Machine Learning, and more so Deep Learning, is so popular now that it is being referred as AI itself. Gladly, your startup just got funded or your new team budget was approved! Now you will be doing Deep Learning as well. You already had fun with Keras, Imagenet, etc. That is truly exciting! Now here are a few things to consider when getting started for real in your business. I’ll illustrate my suggestions with some anecdotes from my time working on self-driving cars at comma.ai with George Hotz early last year.
1) Don’t let data leave your engineers hanging
Deep Learning is a data first science. The whole reason for your team or startup to exist is to make sense of a dataset. Think about it, you can only ship that sweet AI Bitcoin Chatbot if you first make sense of text! You can only automate multimedia collage for your next Snapchat Stories clone if you understand images, video, and so on.
You should not consider data handling just a side aspect of your work. Don’t do a poor job at it. For example, if it takes you “just 15 minutes” to prepare and load a dataset, those are 15 minutes you have wait every single time you find a better model decision or spot a bug in you Tensorflow code.
The rules here are simple. Version your dataset and preprocess everything once and use it several times. Tools like Celery, Luigi and others are your friends. If you are in a large team where tasks need to be submitted to a cluster, consider a data server solution that feeds batches to the model training workers. Please, please! Do not let your team members have to wait for the whole dataset to be downloaded to a worker before they even know there is a bug in their model.
Fun Story. comma.ai probably has the second or third largest driving dataset out there. In the early days of comma.ai, to train the model that drives the car, several hours of video were loaded to a big beefy machine with >700 Gb of memory. Everytime he needed to train on more data, George would Prime Now another 100gb of RAM. I was hired to work on better versions of that model, but I didn’t want to have to wait 15 minutes to load up the data. Instead, I got pieces from open source projects for a simple ZMQ server. There was no data letting us hanging anymore, we could scale to larger training sets and cheaper machines. The model training was bound only by the GPU and its researcher.
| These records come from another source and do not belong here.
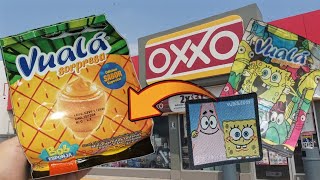 Vualá Sorpresa Del Nuevo Sabor PIÑA 🍍 Con Nuevos Coleccionables De Parches Bob Esponja [upl. by Venus]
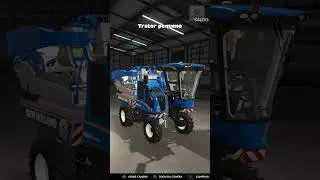 Aprenda a cultivar uvas no Farming Simulator 🍇 #fs22 #fs25 #farmingsimulator #agro #farming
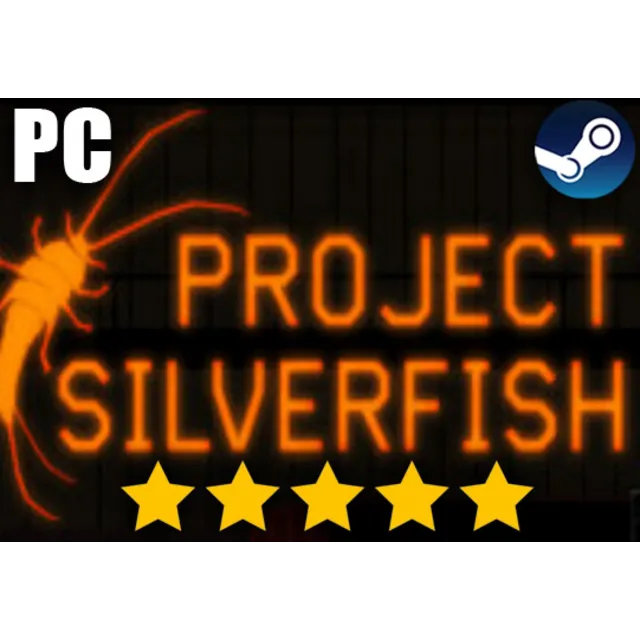 ・PROJECT SILVERFISH (2025)・STEAM АККАУНТ・НА 90 ДНЕЙ
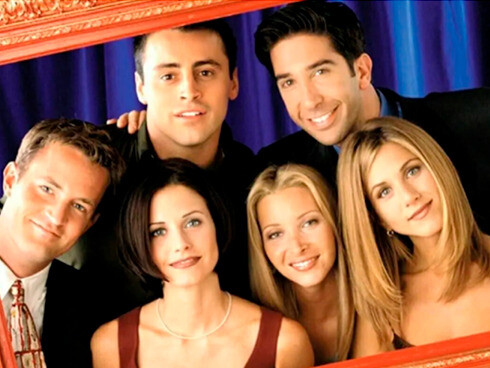 Elenco de Friends. “Aquele com o Blecaute”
2) Start with something you can visualize
Fun Story. In my exit interview I asked George for advice on how to be more productive as an engineer (trust me, he’s the most productive I’ve ever met, I took every single opportunity to learn the heck out of him). He suggested to always start by building things that would help me visualize what I’m doing. George had followed this advice himself previously. Also, all of George’s IPython Notebooks had sliding widgets to quickly visualize how parameters affect results while prototyping.
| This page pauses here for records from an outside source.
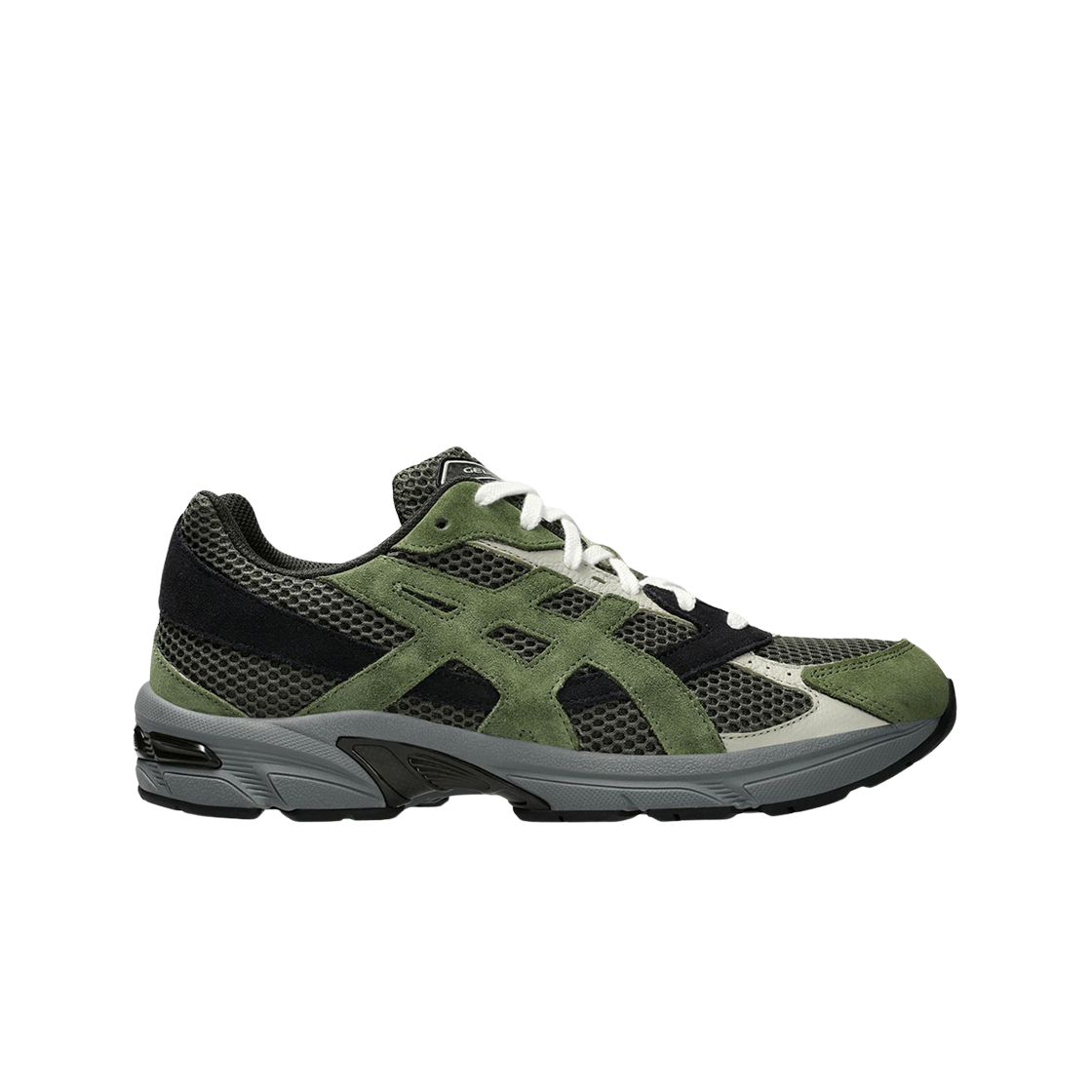 아식스 젤 1130 SMU 올리브 캔버스 스모그 그린(Asics Gel-1130 SMU Olive Canvas Smog Green)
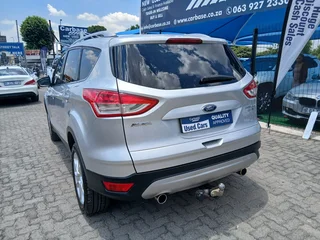 Silver Ford Kuga 2.0 TDCi Titanium AWD AT with 108000km available now!
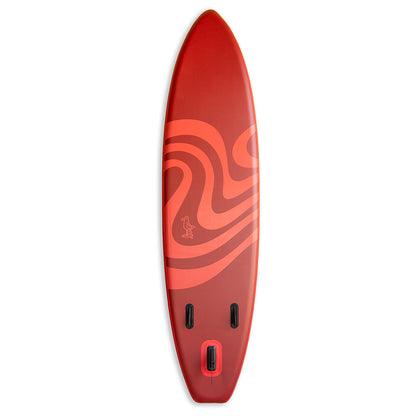 11'6'' Pro aufblasbares SUP Paddleboard (Beacon)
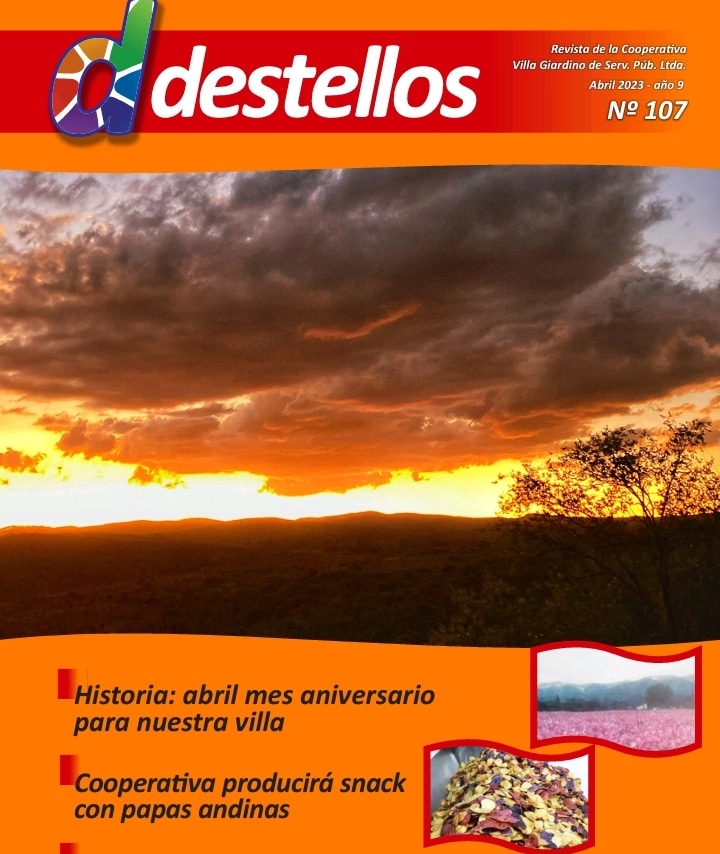 Nueva Destellos de Abril 2023 n°107.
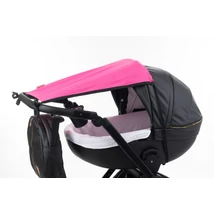Napvitorla babakocsira pink színben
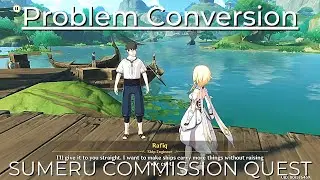 Problem Conversion | Sumeru Commission Quest - Genshin Impact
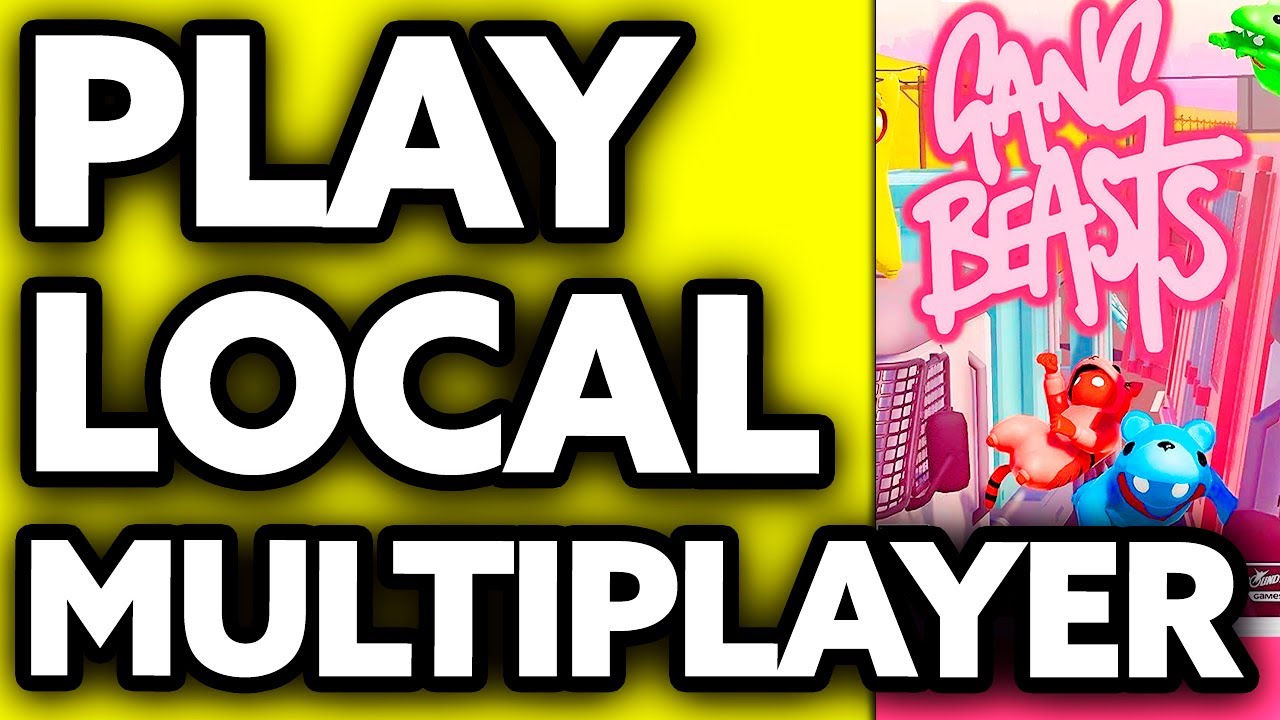How To Play Gang Beasts Local Multiplayer PC (ONLY Way!)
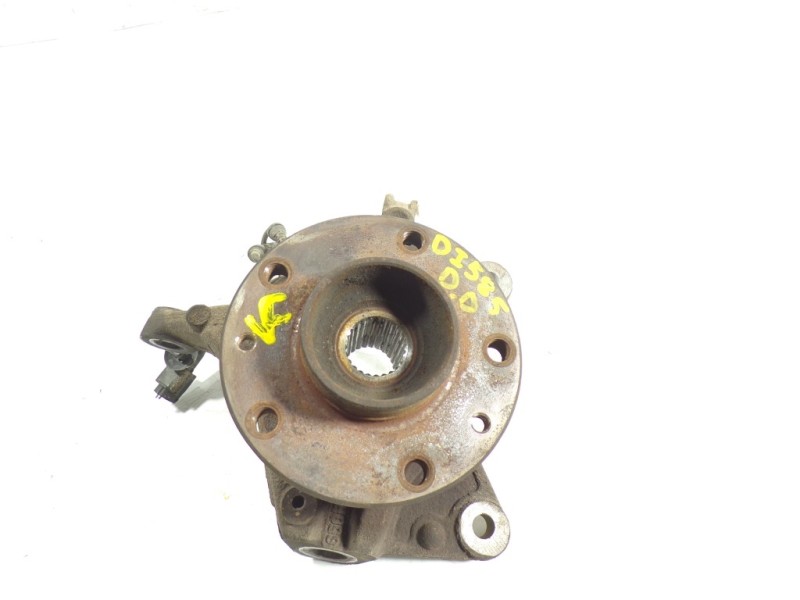 Recambio de mangueta delantera derecha para dacia duster 1.5 dci diesel fap cat referencia OEM IAM 8200881916  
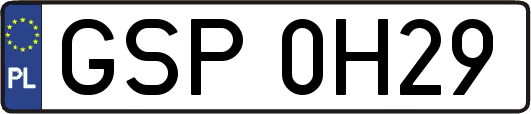 GSP0H29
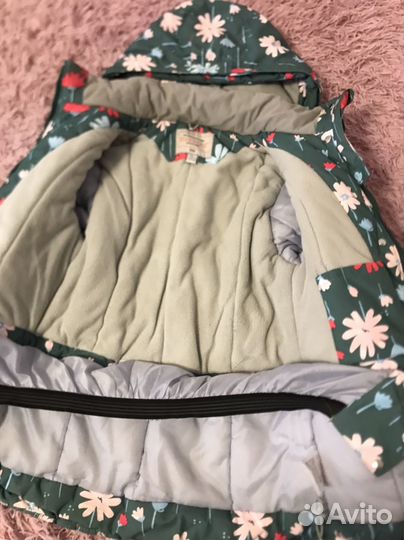 Куртка зимняя 134 и Толстовка 134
3) Define your validation/hard cases dataset early on
I put the fun visualization stuff as number 2 to give you a break after freaking you out about preparing data. But if you want to avoid being just a monkey on the typewriter, randomly adding more layers to your neural networks, you have to define how to measure progress. Ask what metrics correlate well with better deliverables and which data you should be tracking. This might go beyond the simple “random 10% of the data left out for validation”. A validation dataset optimally has the same statistical properties as production. That same production can be tracked for hard, edge and failure cases that will make future validation sets. Therefore, your validation set may be evolving and should version it just like your training set.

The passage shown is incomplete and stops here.